第一章 最初に行ったところ

第1話 お迎え

 私は眠っていた。

 目が醒めると花がたくさんある所にいた。

 よくよく見ると棺桶があり、自分が入っていた!


 娘がいるのが見えた。声をかけた。

「わしはどこにいるのや?」


 娘はすぐに答えた。

「お父さんは死んだんや、前に言っていた宇宙に行くのと違うか?」


 私は「そうか!」と答えてすぐに宇宙へ飛び立とうと思ったら、瞬時に宇宙空間へ行った。


 本当に宇宙の中、私が子どものころ夢で見たような、星々に囲まれ包まれるような空間へ......


 どこの宇宙だろうかといろいろ飛びまわった。

 記憶にある、写真で見たことある銀河や惑星などを思い浮かべると、すぐに目の前に現れた。

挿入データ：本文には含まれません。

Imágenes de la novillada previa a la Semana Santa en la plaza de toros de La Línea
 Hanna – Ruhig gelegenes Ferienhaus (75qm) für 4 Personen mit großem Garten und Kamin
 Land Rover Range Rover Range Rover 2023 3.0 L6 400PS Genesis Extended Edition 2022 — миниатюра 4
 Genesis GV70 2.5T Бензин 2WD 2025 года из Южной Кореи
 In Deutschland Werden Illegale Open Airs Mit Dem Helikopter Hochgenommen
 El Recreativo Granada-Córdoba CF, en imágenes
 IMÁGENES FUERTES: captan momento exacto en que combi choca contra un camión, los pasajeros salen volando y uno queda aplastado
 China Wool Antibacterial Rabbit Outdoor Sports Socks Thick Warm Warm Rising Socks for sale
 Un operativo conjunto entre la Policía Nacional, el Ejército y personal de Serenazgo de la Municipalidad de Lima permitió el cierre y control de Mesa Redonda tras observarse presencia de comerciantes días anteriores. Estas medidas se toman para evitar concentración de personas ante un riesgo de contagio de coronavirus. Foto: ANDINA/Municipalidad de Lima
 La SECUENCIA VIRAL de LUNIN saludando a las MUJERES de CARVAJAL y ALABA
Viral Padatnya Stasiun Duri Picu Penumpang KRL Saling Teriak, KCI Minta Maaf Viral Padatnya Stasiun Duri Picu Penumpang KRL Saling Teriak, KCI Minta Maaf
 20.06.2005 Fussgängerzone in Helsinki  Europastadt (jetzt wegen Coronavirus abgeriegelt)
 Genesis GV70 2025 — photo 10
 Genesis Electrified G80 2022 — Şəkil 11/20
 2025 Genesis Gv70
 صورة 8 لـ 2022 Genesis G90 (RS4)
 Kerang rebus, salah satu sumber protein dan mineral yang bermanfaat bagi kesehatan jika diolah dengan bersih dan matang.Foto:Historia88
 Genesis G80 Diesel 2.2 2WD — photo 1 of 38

 どれくらいそうしていたのかわからないが、ふと自分はどんな姿をしているのか気になった。

 手を見た。


 普通に感じたが少し光っているような、星の光が当たっているからだと思った。


 身体は普通の服を着ていた。

 息もしている、が、心臓の鼓動は感じられない。


 ふと気づくといつの間にか見知らぬ場所にいた。


 ぼんやり霧のような景色に灯りがポツンと見え、 だんだん近づいて来る。



 恐怖はなかった。


 やがて灯りは人の姿になり奇妙な格好の老人に見えた。 着物を着て古い時代の人だ。


「迎えに来た」老人は言った。


 私は「どなたさんです?」と聞くと


「ぬしの守り人ぢゃ」とおっしゃった。

 急に敬語になったが、高貴なお方に感じたからだ。


「我はぬしの祖先の霊である。これから案内する」


 私はなんだか親しみを感じたので付いて行った。

 磁石で引きつけられるように、吸い込まれるように進んでいくと、明るい部屋の中へ入った。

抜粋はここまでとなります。